# find invisible users in gmail



## sharmipriya (Mar 24, 2011)

can any one tell me, how to know if someone is invisible in gmail


----------



## vamsi_krishna (Mar 25, 2011)

what client are you using? plain gmail in web browser? Google Talk? or some other IM client?


----------



## dreatica (Mar 25, 2011)

vamsi_krishna said:


> what client are you using? plain gmail in web browser? Google Talk? or some other IM client?

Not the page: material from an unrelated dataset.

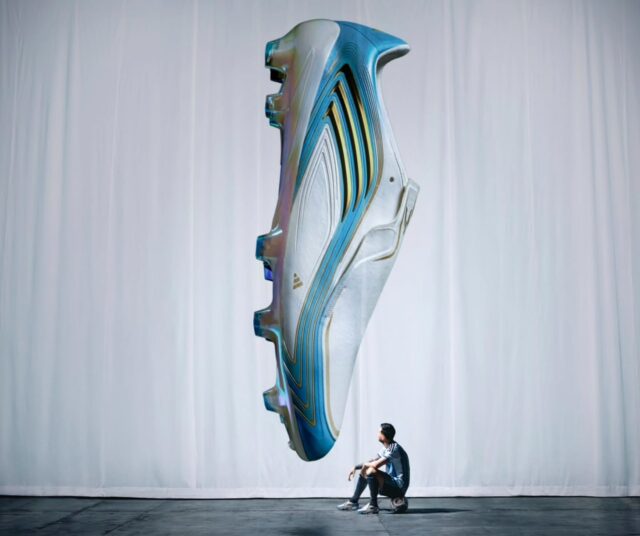 Adidas Rilis Leo Messi Ultimo Tango - sumber foto Adidas Adidas Rilis Leo Messi Ultimo Tango - sumber foto Adidas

I am using all , can you tell me if there is a way or trick to do that? I am eager to know.


----------



## pulkitpopli2004 (Mar 25, 2011)

ohh its an old trick


----------



## vamsi_krishna (Mar 25, 2011)

Set the user chat to 'off the record' and when you buzz the invisible user.. you will get a error. For every line you send. While buzzing a offline user will not give any error.


----------



## dreatica (Mar 26, 2011)

vamsi_krishna said:


> Set the user chat to 'off the record' and when you buzz the invisible user.. you will get a error. For every line you send. While buzzing a offline user will not give any error.



oh I thought you are going to teach some new trick  neway thanks


----------



## mitraark (Apr 5, 2011)

I've heard they show Hidden USers in Pidgin.


----------